Binance Tax Guide: How to Report Your Binance Trades
How to get your Binance tax forms, export transaction history, and report spot trading, futures, staking, and earn products on your US tax return.
Binance and the IRS: What You Need to Know
Binance.US (the US-regulated entity) is subject to IRS reporting requirements and will issue Form 1099-DA starting with tax year 2025. The original Binance.com platform (offshore) does not directly report to the IRS, but US persons are still legally required to report all income and gains regardless of where the exchange is based.
If you used Binance.com as a US taxpayer and had account balances exceeding $10,000 at any point in the year, you may also have FBAR (FinCEN 114) and FATCA (Form 8938) reporting obligations. These are separate from income reporting but carry steep penalties for non-compliance.

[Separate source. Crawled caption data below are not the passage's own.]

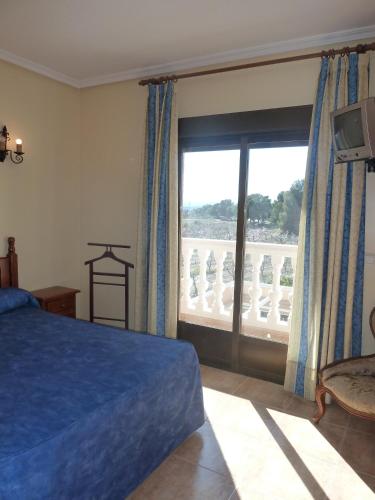 a bedroom with a blue bed and a large window at Hotel Rural Miguel Rosi in Huércal-Overa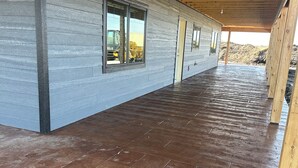 A covered wooden deck with a grey exterior wall and large windows.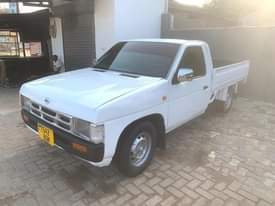 A picture of Nissan pickup full Ac manual transmission petrol new tires million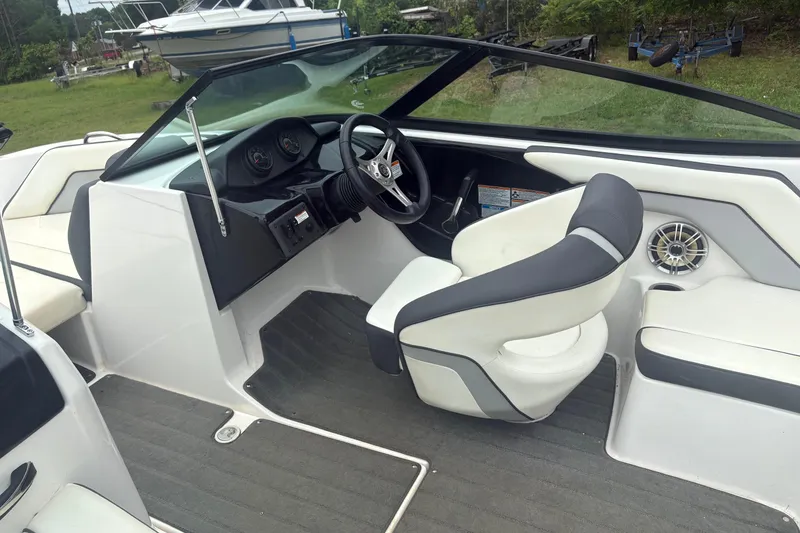 Slide: The Image of 2016 Yamaha Boats AR192 interior with steering wheel and seating, showcasing modern design. - 6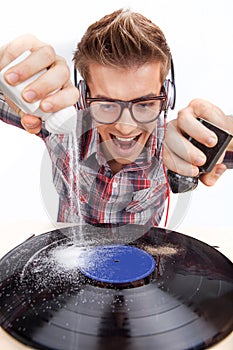 Young man working as dj with ear-phones and glasses.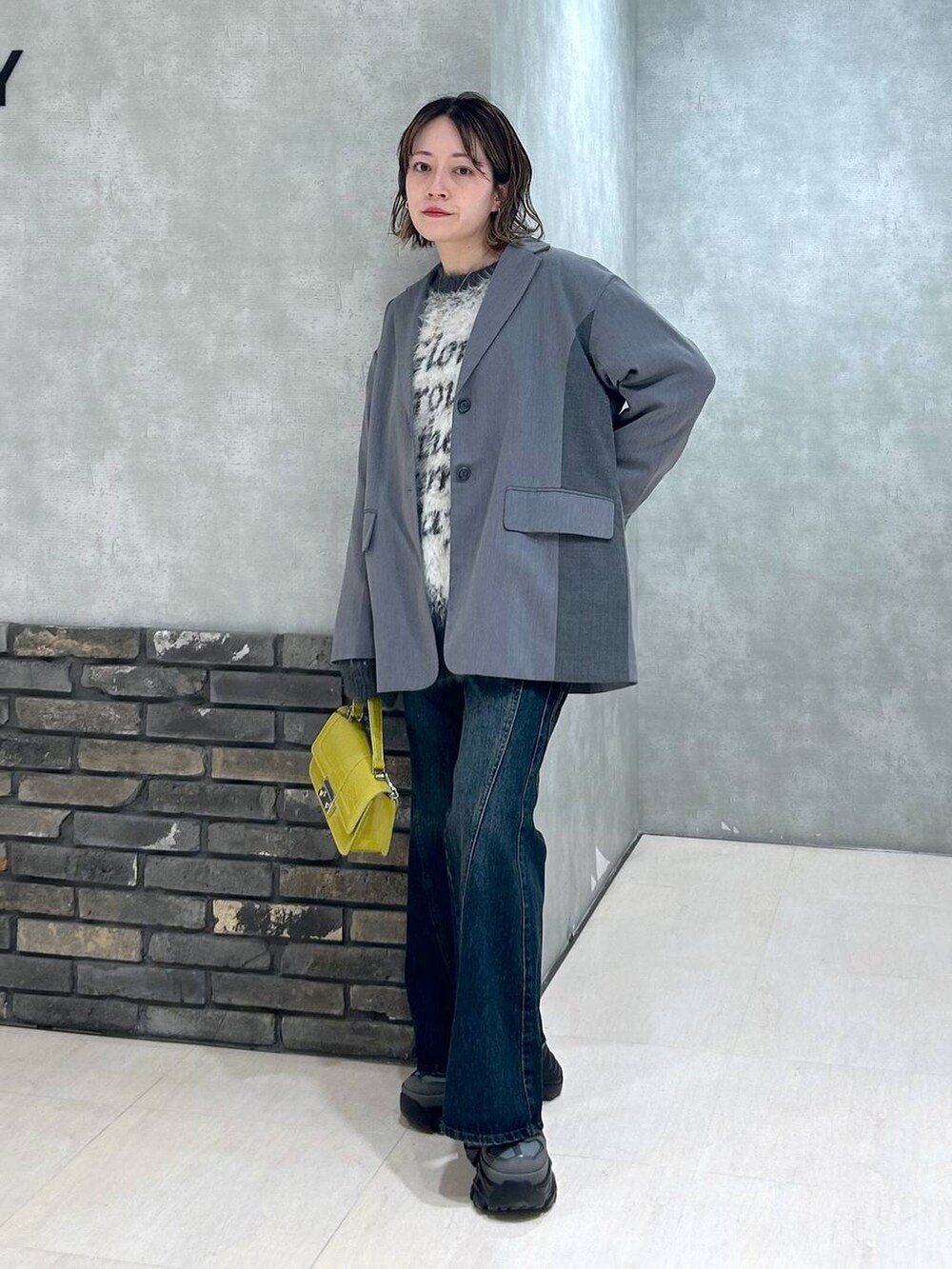 グレー系のスニーカー、ブルー系のデニムパンツ、グレー系のテーラードジャケットを着用したレディースの秋コーディネートの2枚目の写真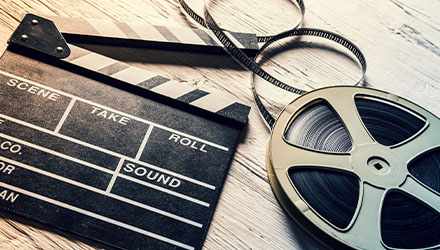 An Unraveled Film Reel Lying Next to a Clapperboard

What Binance Transactions Are Taxable?
- Spot trading (BTC/USDT, ETH/BTC, etc.) — each trade is a taxable disposal of the coin you sold
- Convert feature — taxable swap at fair market value
- Binance Earn (Flexible Savings, Locked Staking, DeFi Staking) — interest and rewards are ordinary income when received
- Launchpool and Launchpad rewards — ordinary income at FMV
- Futures PnL (USD-M, COIN-M) — capital gains/losses when positions close
- Funding rate receipts — ordinary income per payment
- Referral commissions — ordinary income
- Dust conversion (small coin balances converted to BNB) — taxable disposal of the dust coins
How to Export Binance Transaction History
Binance.US
- Log in → Wallet → Transaction History
- Click Generate All Statements
- Select your date range and download the CSV
- For futures, go to Futures → Order → Trade History and export separately
Binance.com (offshore)
- Log in → Wallet → Transaction History → Generate Statements
- Download spot, earn, and futures history separately — Binance splits these by product type
- Export funding rate payments from Futures → Transaction History → Income
Note: Binance only retains transaction history for 90 days in some views. Export monthly if you're an active trader, or use API connection to avoid data loss.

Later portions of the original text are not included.